In the expression $\frac{1}{b}\pmod m$, where $(b,m)=1$, is $\frac{1}{b}$:

a) a rational number (and so rational numbers are defined in modulo arithmetic using multiplicative inverses)?

b) just created notation for $($the inverse of $b)\pmod m$ that looks like division just to confuse us (and is used because of similarities between division and division $\pmod m$)? (same for $b^{−1}$)

Is it a) or b)?

Here it says it is a).

Bill Dubuque from M.SE seemingly claims it is b). So does a comment here, also this blog.

Edit: now that I thought about it, either

1) the notation $\frac{a}{b}$

2) or the definition $a\equiv b\pmod {m}\iff m\mid a-b$

is misleading. 1) seems a lot more likely, since I’m not sure how the $\bmod$ function could be defined otherwise.

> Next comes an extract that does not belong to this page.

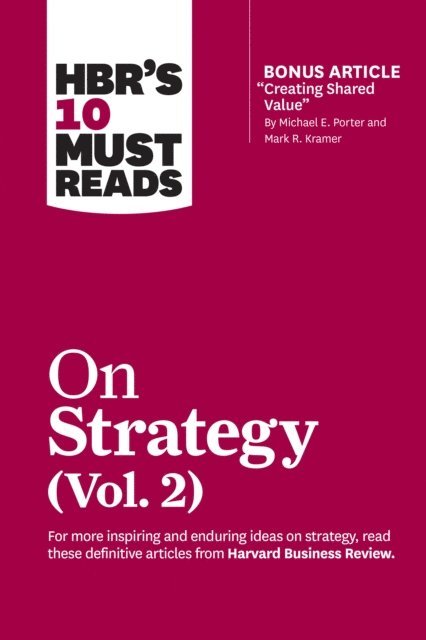 Rita Gunther McGrath, Clayton M. Christensen, A.G. Lafley, Michael E. Porter, Harvard Business Review - HBR's 10 Must Reads on Strategy, Vol. 2 (with bonus article &quote;Creating Shared Value&quote; By Michael E. Porter and Mark R. Kramer), E-bok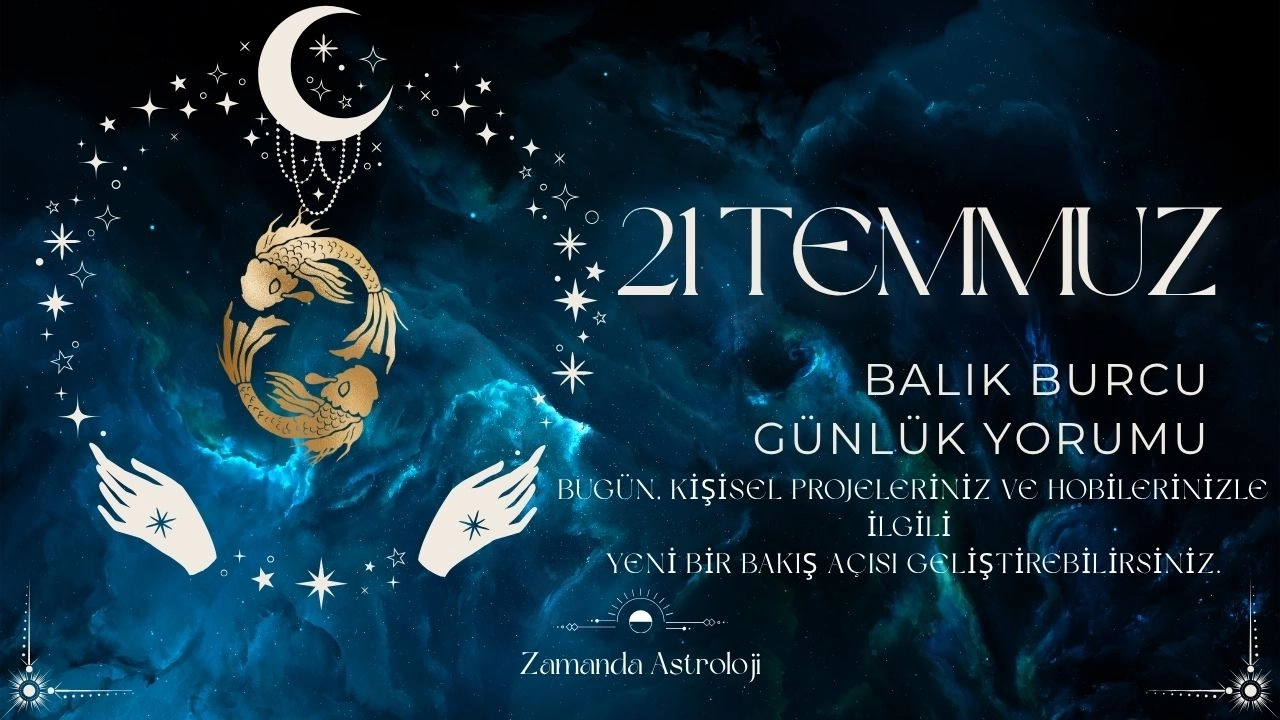 21 Temmuz Balık Burcu Yorumu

I’m not sure if there is a general consensus, but I would like to add another interpretation different from the ones already mentioned.

I tend to say it is

• not a number, since we want it to be ‘an inverse of $b$ modulo $m$‘, without specifying which inverse. I mean, why should an inverse of $b$ modulo $m$ be defined as $\frac1b$ and not $\frac{1+m}b$ or $\frac1{b+m}$?
• not a congruence class modulo $m$. This is because in high school the relation ‘$\equiv\pmod m$‘ is usually introduced without even mentioning ring theory, we simply define it as some equivalence relation on integers: $a\equiv b\pmod m$ and not $(a+m\mathbb{Z})\equiv(b+m\mathbb{Z})\pmod m$.

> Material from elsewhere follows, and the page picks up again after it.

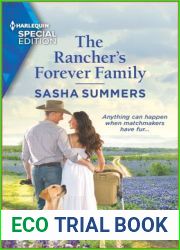 The Rancher|s Forever Family (Texas Cowboys and K-9s, #1)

If not a number nor a congruence class, then what should it be?

I’d say it isn’t a thing, it’s just a notation used in congruences representing an unspecified inverse of $b$ modulo $m$. I.e, $\frac ab\equiv c\pmod m$ is a notation meaning as much as $a\equiv bc\pmod m$ (provided $\gcd(b,m)=1$), but $\frac ab$ has no meaning to me when pulled out the congruence.
Note that this point of view still conserves the expected properties suggested by the rational numbers, such as $b\cdot\frac ab\equiv a\pmod m$ and $\frac ab+\frac cd\equiv\frac{ad+bc}{bd}\pmod m$ (provided the inverses exist).